Riding On – Horses Give Veterans Mental and Physical Strength

When a young Marine amputee recently came to Lift Me Up! Therapeutic Riding Center in Great Falls, Va., he said he’d been told he could probably never ride horses again.

“I said, ‘No — you can ride. We’ll help you,’ ” said Georgia Bay Corey, program director for Lift Me Up! “(I tell amputees) if you don’t have two good legs, we’ll give you four. And then they get to ride down the road, and it’s just amazing.”

Bay Corey’s 6-acre farm is home to 13 horses and five instructors who help children and adults with disabilities get back in the saddle. The center has earned a premier accreditation from the Professional Association of Therapeutic Horsemanship for its work. Now a growing number of her clients are veterans of the wars in Iraq and Afghanistan, she said.

The veterans work on rebuilding both their physical and mental strength.

“Some of them need to rebuild their coordination, getting their body back,” she said. “One of the things we work on is independence, helping them rebuild a sense of ‘I can do this.’ ”

Patients also bond with the animals they’re riding, Bay Corey said. That often results in improved social interaction from the rider, she said.

“Some of them actually find some security,” Bay Corey said. “They get the locomotion without falling off. There also is sort of a sense of regaining control. You’ve had all these issues and you’ve come back, and now you’re sitting on a horse that weighs 1,700 pounds and you’re telling it what to do and he’s doing it.”

Therapeutic riding helps heal a wide variety of conditions, experts say. Veterans suffering from two of the most common conditions associated with the Iraq and Afghanistan wars — traumatic brain injury and post-traumatic stress disorder — stand to benefit on multiple levels, said Kaye Marks, director of marketing and communications for PATH International.

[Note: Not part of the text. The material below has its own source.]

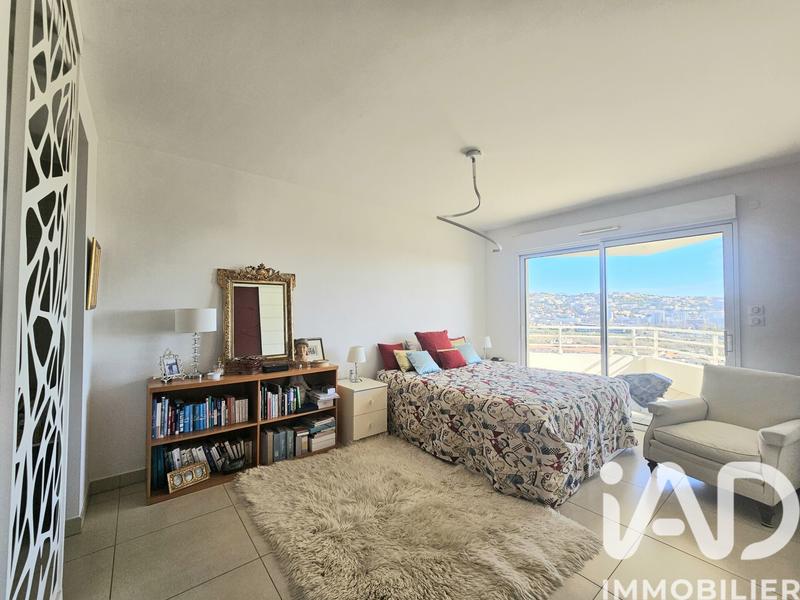 Appartement - 108 m² - 3 pièces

“It tears your heart, but it ends on such a happy note,” Marks said. “It’s not just a recreational kind of thing. It’s going to help their bodies; it’s going to help their minds; it’s going to help their spirits.”

An increasing number of therapeutic riding centers are adding war veterans to their client roster, Marks said.

“The field is definitely growing,” she said. “Sadly, it’s growing faster than we can keep up with.”

More than 800 centers across the country are certified by PATH International. In 2009, 89 of those centers served injured veterans. In 2010, that almost doubled to 154. Marks expects 2011 totals to be close to 200. Last year, 47,877 children and adults participated in therapeutic riding centers; people on a waiting list for therapy numbered near 6,000.

“It really has taken off in earnest recently because of the numbers (of injured service members) coming back,” Marks said.

But availability and funding for veterans-centered therapeutic riding programs vary from location to location because Veterans Affairs centers across the country enter into their own local contracts, she said.

However, PATH International is currently forging “partnerships with other well-respected national organizations so there will be funding available to help actual participants,” Marks said. She said centers across the country are eager to add more war wounded to their clientele to meet the growing demand.

“We want that to be a lot more,” she said of current veteran therapy client numbers. “We want to get these folks in saddles. I think that’s going to be happening.”